Did you Know? This Week in History

December 2, 2001: Enron files for Chapter 11 Bankruptcy:

On December 2, 2001, Enron filed for Chapter 11 bankruptcy, sparking one of the largest corporate scandals in U.S. history. Enron had started as a small energy company in Houston Texas, and was formed in 1985 after the merger of two gas companies, Internorth and Houston Natural Gas.

The company grew and branched into services and trading, and had rose as high as number seven on Fortune magazine’s list of the top 500 companies in 2000. Over the next year, however, Enron’s stock price began a dramatic slide, dropping from $90.75 in August 2000 to $0.26 by closing on November 30, 2001.

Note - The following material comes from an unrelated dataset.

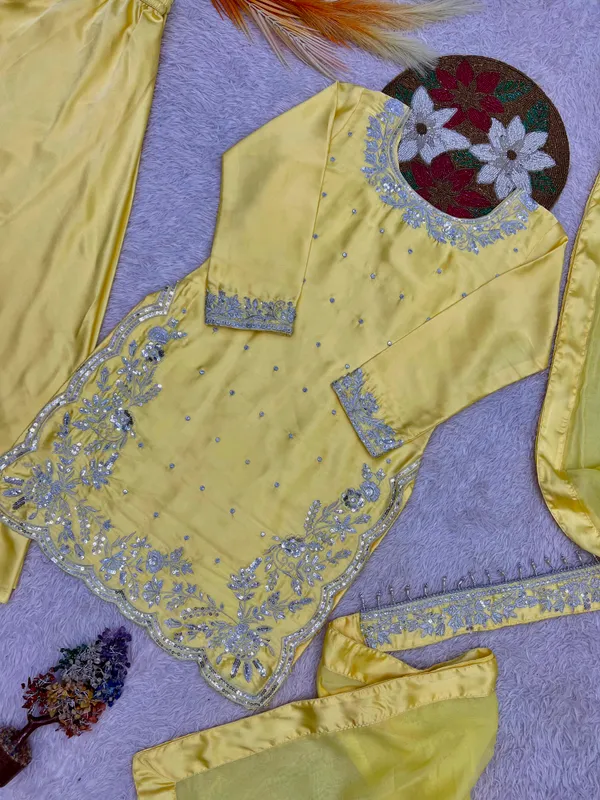 Stylish_Devsena_Silk_Embroidered_Top_Plazaa_Dupatta_Set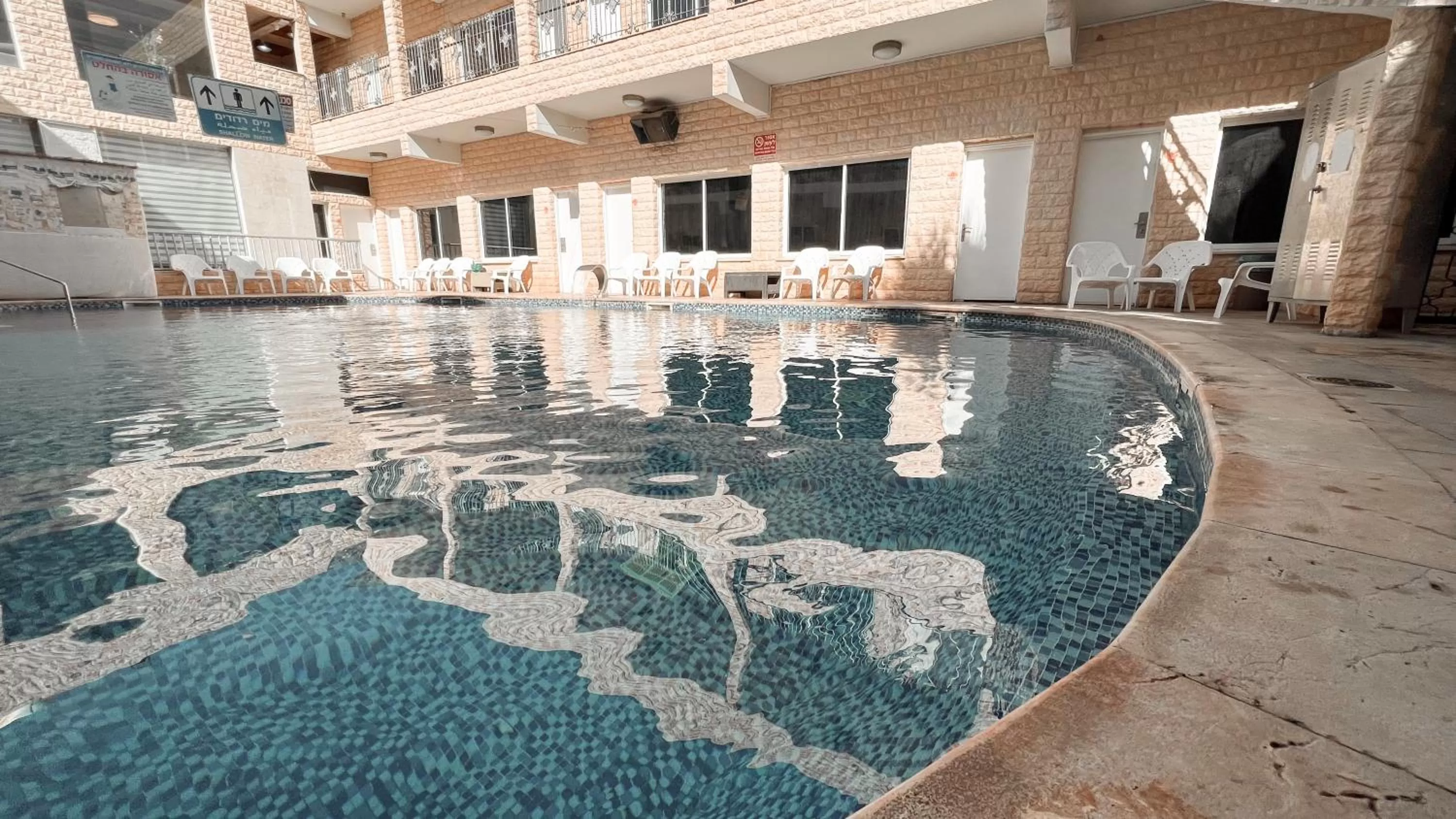 Swimming pool in Hotel Maman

By the end of the year, Enron’s collapse had cost investor’s billions of dollars, wiped out about 5,600 jobs, and liquidated almost $2.1 billion in pension plans.

Over the next several years, the name “Enron” became synonymous with large-scale corporate fraud and corruption, as an investigation by the Securities and Exchange Commission and the U.S. Justice Department revealed that Enron had inflated its earnings by hiding debts and losses in subsidiary partnerships.

Weekly Focus

If you don’t know where you’re going, you might end up someplace else.

Yogi Berra, Professional Baseball Catcher

Wealth is like seawater; the more we have, the thirstier we become, and the same is true of fame.